▶ _What to produce_
After locating the line with "Not a Phase-Aro T-Shirt" in the entries below, output it and each following line up to and including the line with "主场2比0拿下青岛海牛 重庆铜梁龙终结12轮不胜", exactly and without pictures.

▶ _Data_
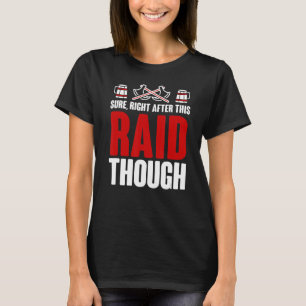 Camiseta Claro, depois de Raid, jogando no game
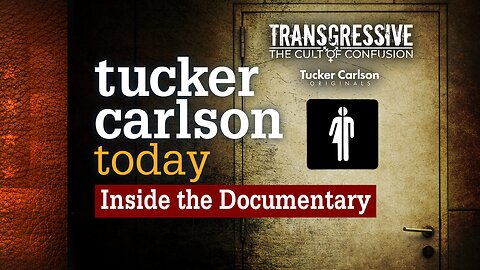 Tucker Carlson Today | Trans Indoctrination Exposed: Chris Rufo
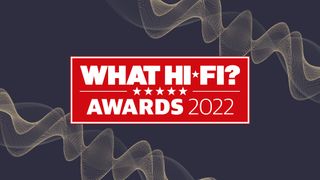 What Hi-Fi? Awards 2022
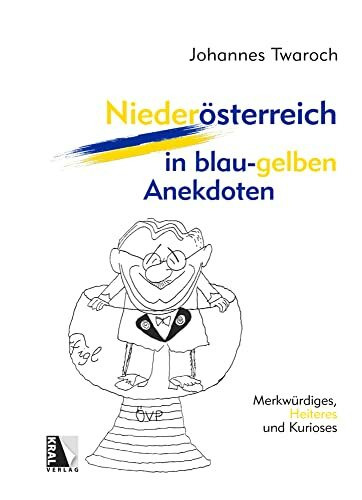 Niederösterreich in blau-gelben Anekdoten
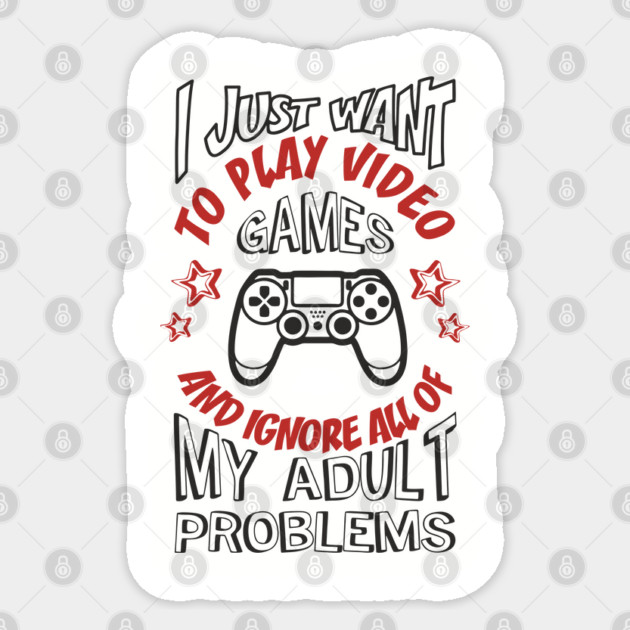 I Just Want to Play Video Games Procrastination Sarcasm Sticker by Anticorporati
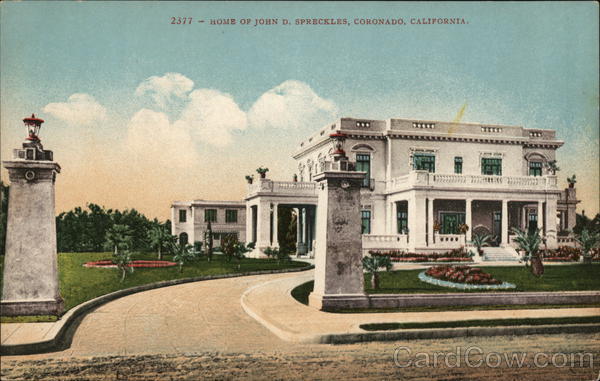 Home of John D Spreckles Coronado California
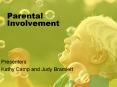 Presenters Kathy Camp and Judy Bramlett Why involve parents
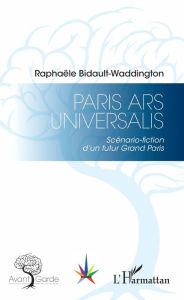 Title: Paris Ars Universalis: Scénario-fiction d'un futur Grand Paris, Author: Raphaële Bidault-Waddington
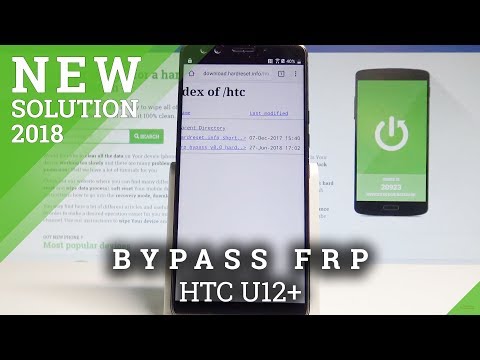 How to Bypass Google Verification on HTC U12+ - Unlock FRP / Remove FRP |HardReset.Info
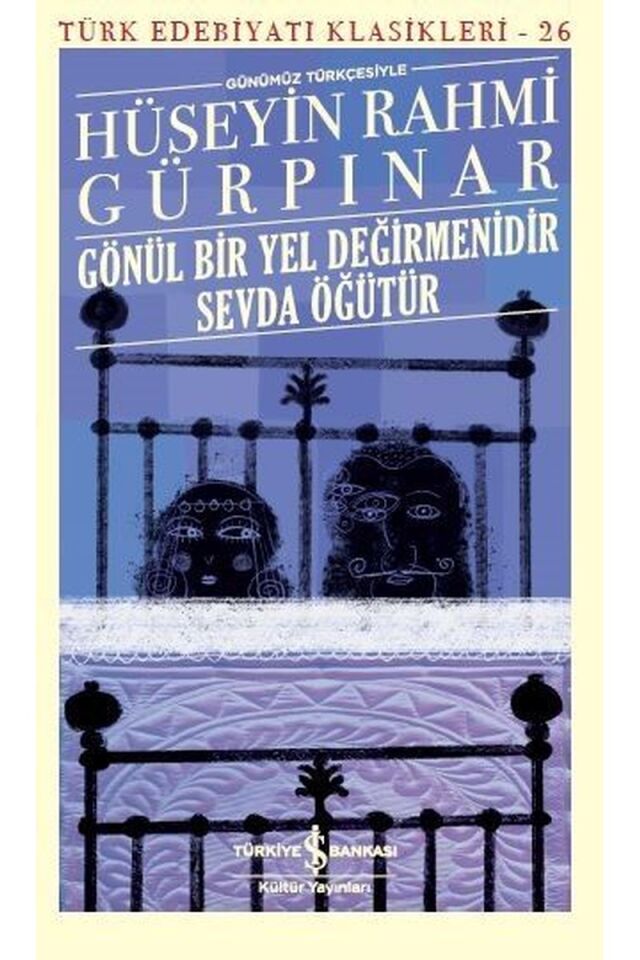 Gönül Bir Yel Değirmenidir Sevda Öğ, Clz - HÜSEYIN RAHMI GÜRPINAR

...

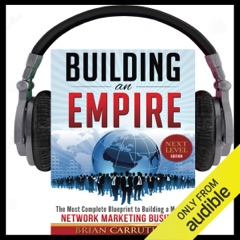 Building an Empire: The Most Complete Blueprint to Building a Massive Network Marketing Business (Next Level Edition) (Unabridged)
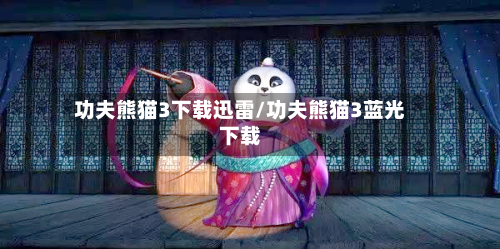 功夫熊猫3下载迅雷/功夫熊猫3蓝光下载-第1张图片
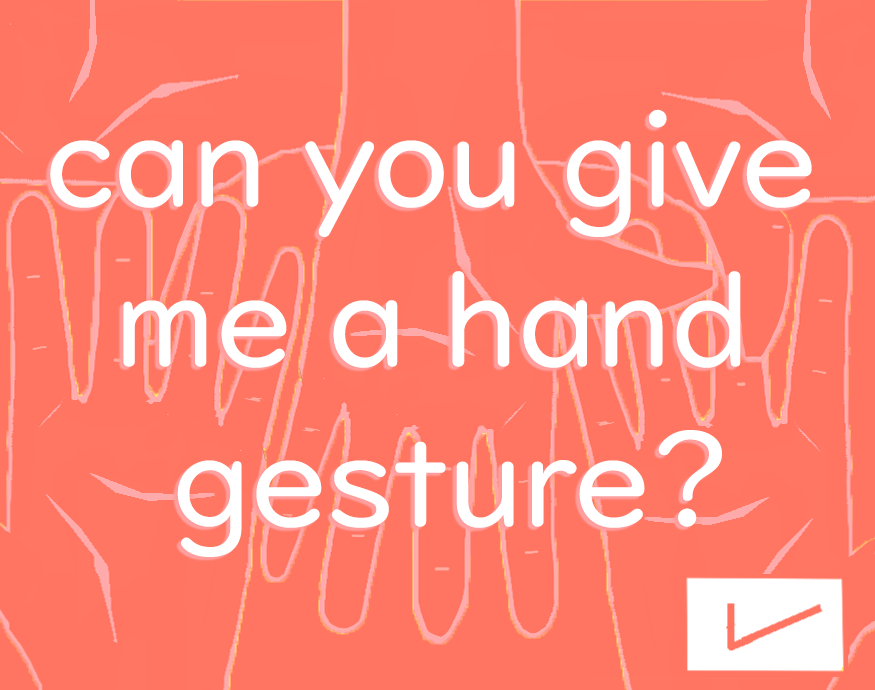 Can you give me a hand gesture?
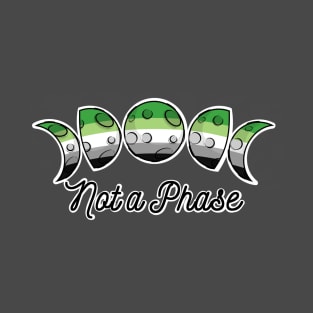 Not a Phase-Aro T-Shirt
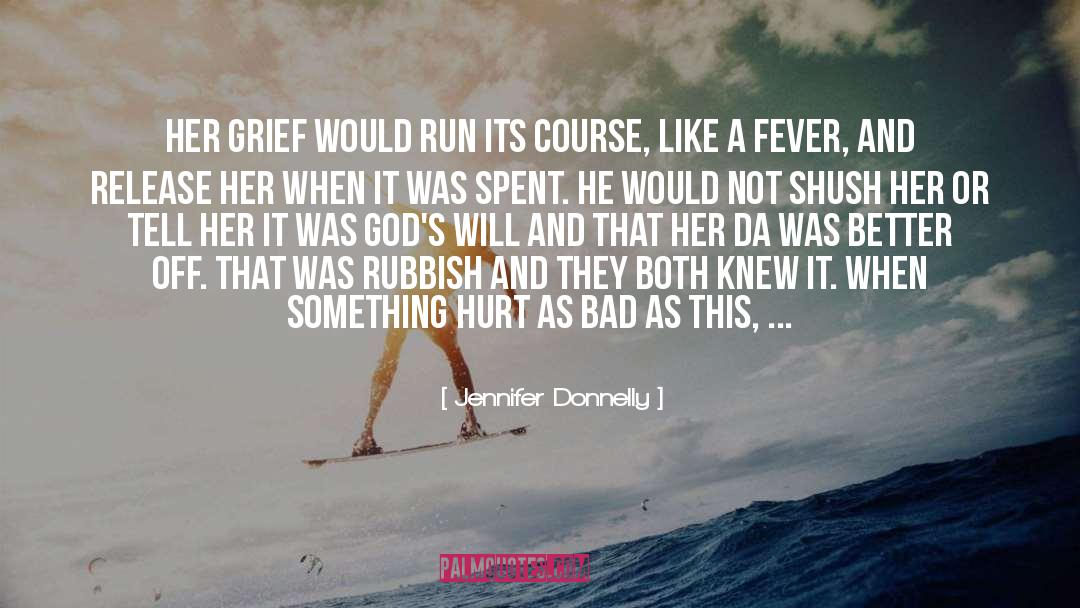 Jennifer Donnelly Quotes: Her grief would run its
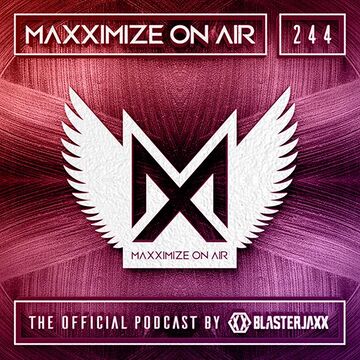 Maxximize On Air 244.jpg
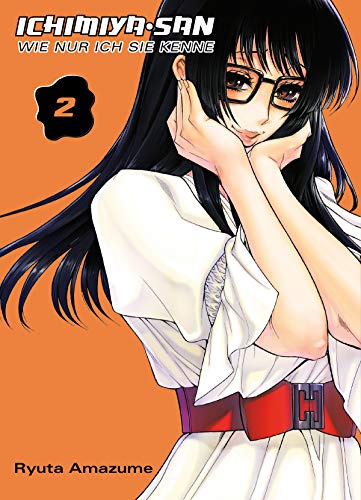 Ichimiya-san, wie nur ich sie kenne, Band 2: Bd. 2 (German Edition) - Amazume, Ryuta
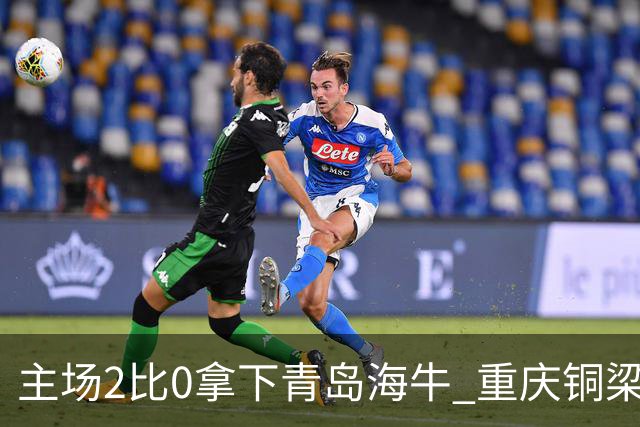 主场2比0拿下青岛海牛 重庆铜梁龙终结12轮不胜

--

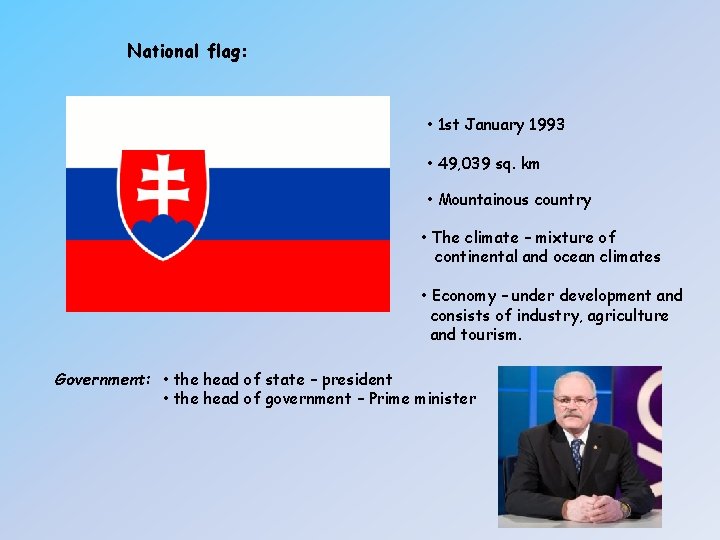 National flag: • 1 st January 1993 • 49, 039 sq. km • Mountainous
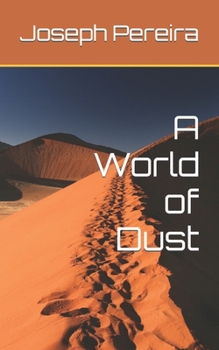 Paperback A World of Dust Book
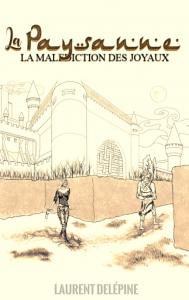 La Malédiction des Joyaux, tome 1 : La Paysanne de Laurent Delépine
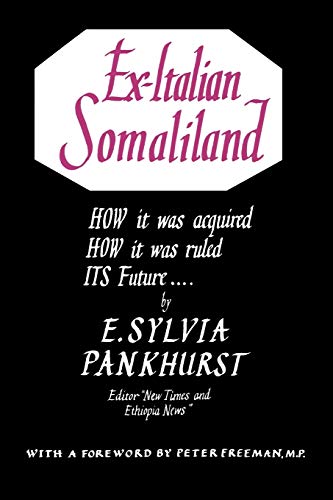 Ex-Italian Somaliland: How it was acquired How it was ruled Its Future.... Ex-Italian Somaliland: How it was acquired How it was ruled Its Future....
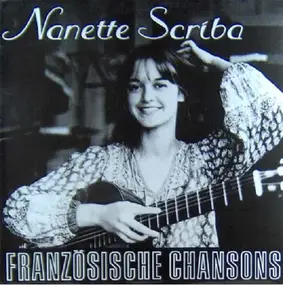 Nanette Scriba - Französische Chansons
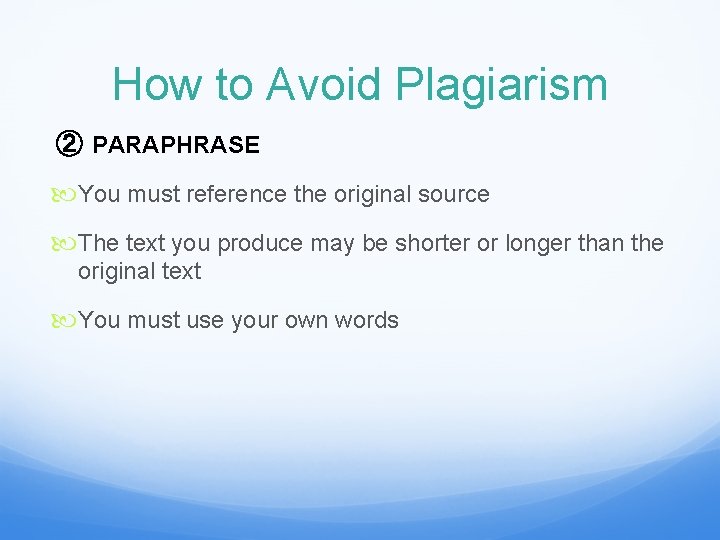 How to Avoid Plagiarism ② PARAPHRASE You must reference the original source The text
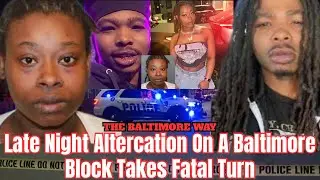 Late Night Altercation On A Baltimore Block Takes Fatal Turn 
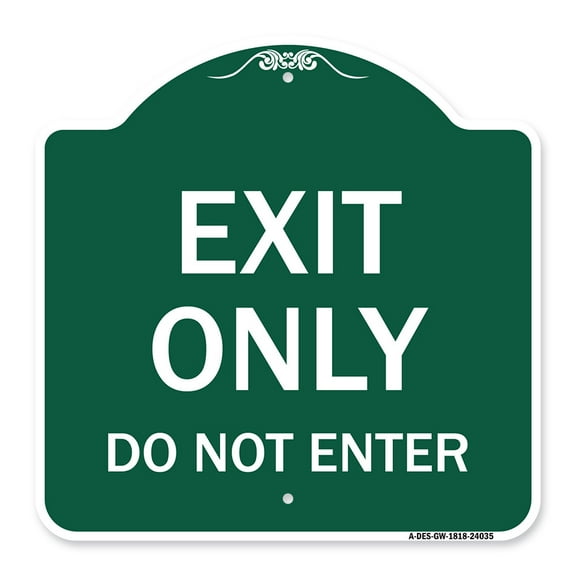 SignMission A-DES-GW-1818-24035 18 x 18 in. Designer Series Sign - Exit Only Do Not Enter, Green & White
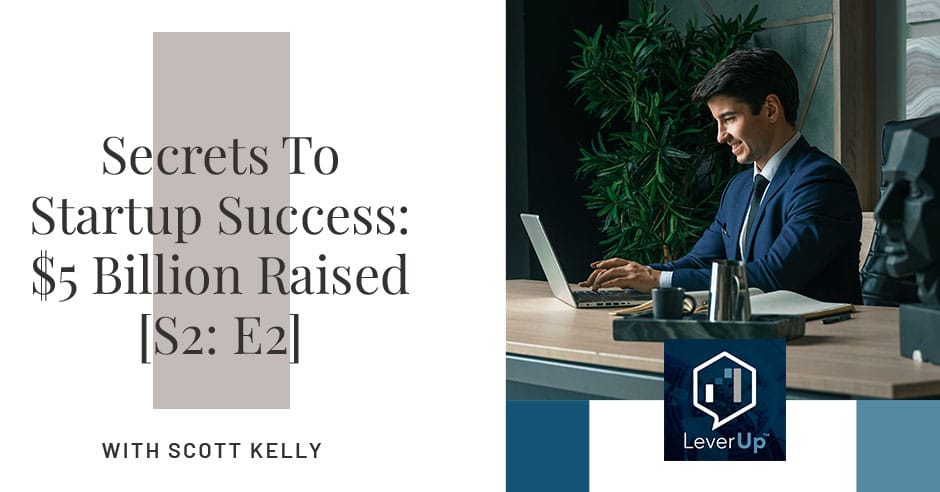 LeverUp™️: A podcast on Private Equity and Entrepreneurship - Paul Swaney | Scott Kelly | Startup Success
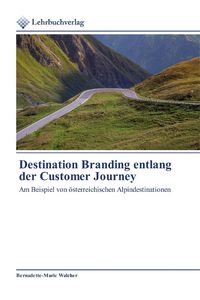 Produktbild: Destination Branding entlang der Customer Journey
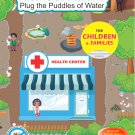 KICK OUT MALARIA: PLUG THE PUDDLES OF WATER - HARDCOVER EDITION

▶ _Solution to this exercise_
 Not a Phase-Aro T-Shirt
 Jennifer Donnelly Quotes: Her grief would run its
 Maxximize On Air 244.jpg
 Ichimiya-san, wie nur ich sie kenne, Band 2: Bd. 2 (German Edition) - Amazume, Ryuta
 主场2比0拿下青岛海牛 重庆铜梁龙终结12轮不胜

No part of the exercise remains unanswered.